Andres Martin said:
In the first video, Kristen, as soon as the decoy feeds the sleeve, do a carry or hang the dog...immediately. What happened wrong there was that you let the dog take the sleeve to the ground, rebite badly on the ground, and then you pulled him up and started choking him off. Ideally, as soon as the decoy feeds the sleeve, do a carry. Initially, have the decoy run with the dog, holding the sleeve so there is some tension...or have the sleeve attached to a leash. Run the dog, making sure he does not chew. As soon as he starts chewing, hang him up. Regrettably, most decoys are fat, lazy and slow. :lol: :lol: :lol:
You're absolutely right that in the first video, everything sucked. This helper wasn't our usual helper, so he didn't know that we weren't giving Jak the sleeve, and so he slipped it as soon as Jak bit, and I wasn't ready for it because that's not what we've been doing. So, yeah, that was just bad all around. I totally get what you're saying about that performance. :lol:
In the second video, YOU handled well. The decoy gave the sleeve as a reward for a shi++ie rebite. In that situation (bad bite on a sleeve), hang the dog off the sleeve while it's on the decoy. Have the decoy look away, and have your dog's four paws on the ground if necessary. Reward with the sleeve, only the bites YOU WANT TO SEE the dog give!

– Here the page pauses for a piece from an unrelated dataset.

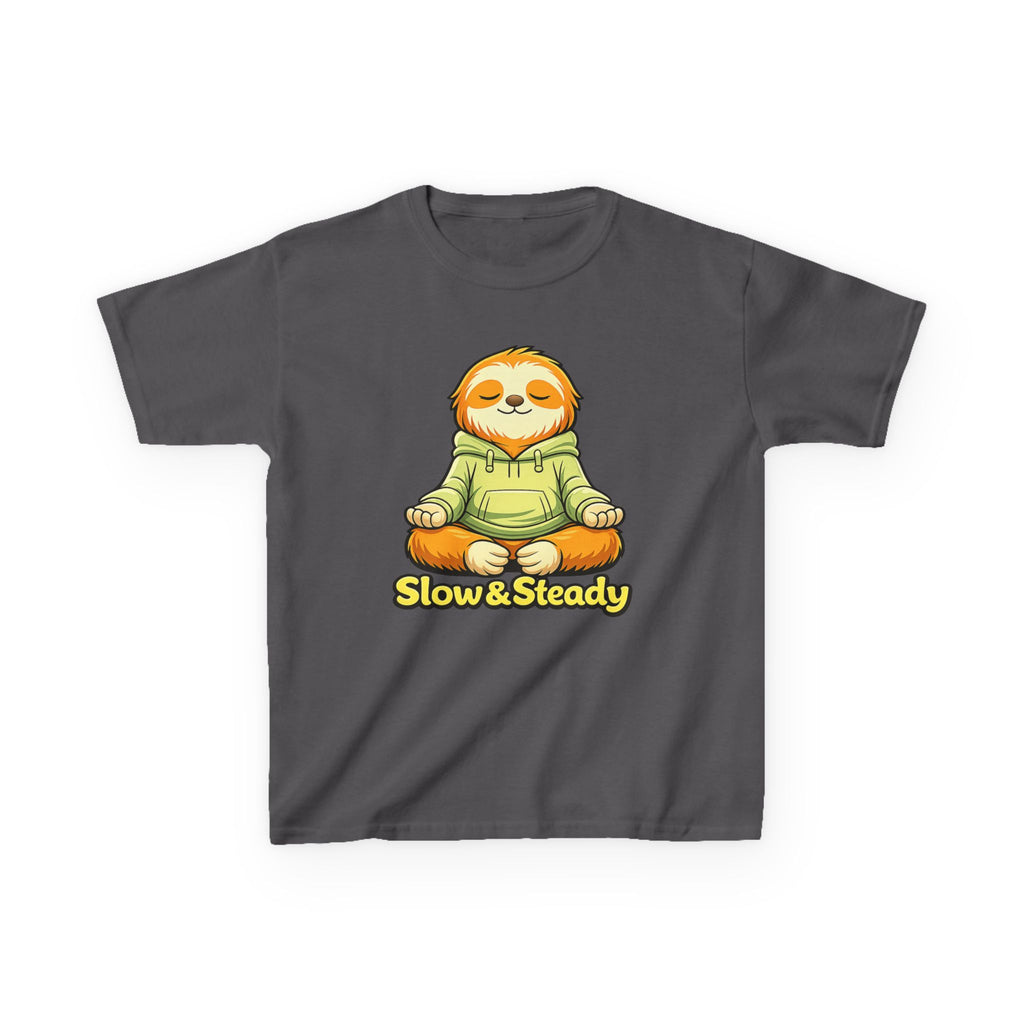 Kids Animal T-Shirt — 'Slow & Steady' Meditating Sloth Graphic Tee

Yay! I actually did something right! :mrgreen: It's hard, because I'm not actually the one in charge of what's being done. The TD is standing next to me giving instructions to me and the helper, and basically I'm just along for the ride and trying to learn as we go just from listening and observing. I don't know the reasons behind many of the things he does, and he's not that great at explaining them. He's the type that knows what he's doing, and why he's doing it, and that's all that matters. He's not so great at explaining the why's, and I'm sort of timid about asking because I don't want him to get frustrated with me.

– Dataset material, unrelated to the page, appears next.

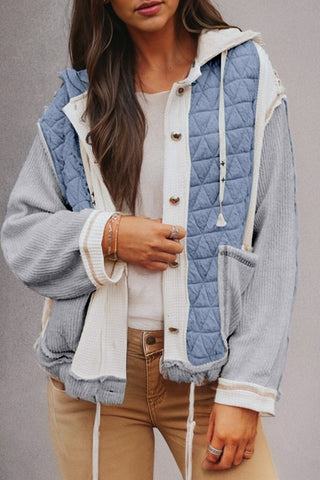 Quilted Hoodie Jacket in Blue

Some additional tips: You need to give your dog a bit more space, and place your feet sideways so you have better stability. Don't lean forward, as you will just get pulled along. Stand sideways, bend your knees some, move without stomping behind your dog.
I really try hard to do this
I KNOW what you just told me is what I need to be doing, but I struggle with it. I have for several months - right Jerry?! :lol: It's getting especially harder as Jak gets older and stronger. I usually wear gloves, and I forgot them, so I was struggling with the leash, too.

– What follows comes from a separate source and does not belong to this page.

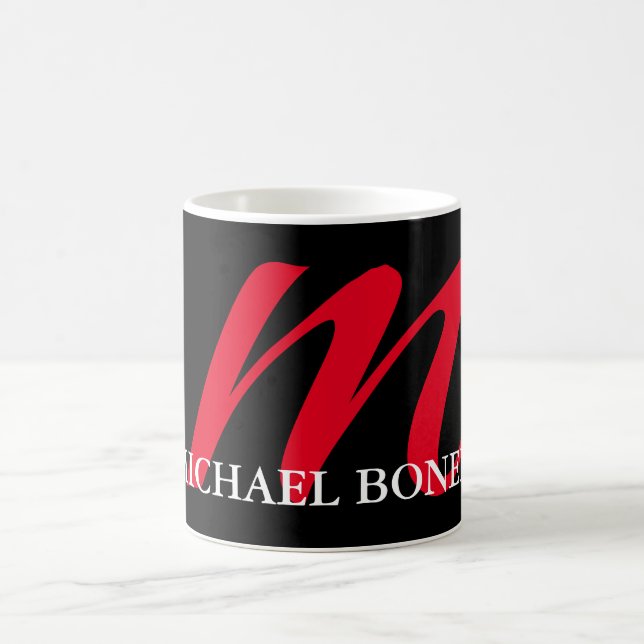 Black modern red monogram professional coffee mug (Center)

it almost HURTS for me to see a good dog like yours, loosing intensity due to insufficient frustration buildup, to having someone idly standing by chatting to you about what to do, to having another dog immediately up close. That dog should be pulling you off your feet, Kristen. His intensity for a bite should leave your hands begging for soothing relief. If it's prey you're after, your dog should be chasing the heck out of the decoy.
Kristen...GET THE INTENSITY LEVEL UP...UP...UP!!!!!
With our regular helper, we do a lot of pass-by's, where Jak just
misses the sleeve, and then the helper hides behind the blind and peeks out at Jak to get him to bark, and when he barks a few good barks, the helper comes back out and either does another pass-by or gives him a bite. That helper is more 'in tune' to what Jak is doing, and works him better, IMO. Jak barks a lot more when I first take him out of the crate and as we are heading over to the blind.
We've always worked Jak with at least one other dog nearby; even when he was on the pole. Not quite sure why.
attaching a leash to the sleeve and having the decoy run with the dog helps alot, especially with chewing or dogs who don't naturally carry their prey.
Our regular helper suggested this a few sessions ago, but the TD still said no, we'll just keep choking him off. NO idea why.
Do you think not doing any bitework for a few weeks would benefit him?
The good news is that he didn't growl on the sleeve this weekend. The past two weekends he was growly on the sleeve, and I think it's because of playing with Gypsy with toys, so when they're together, I put all the toys up and that seems to have fixed the problem of him growling on the sleeve, at least for now.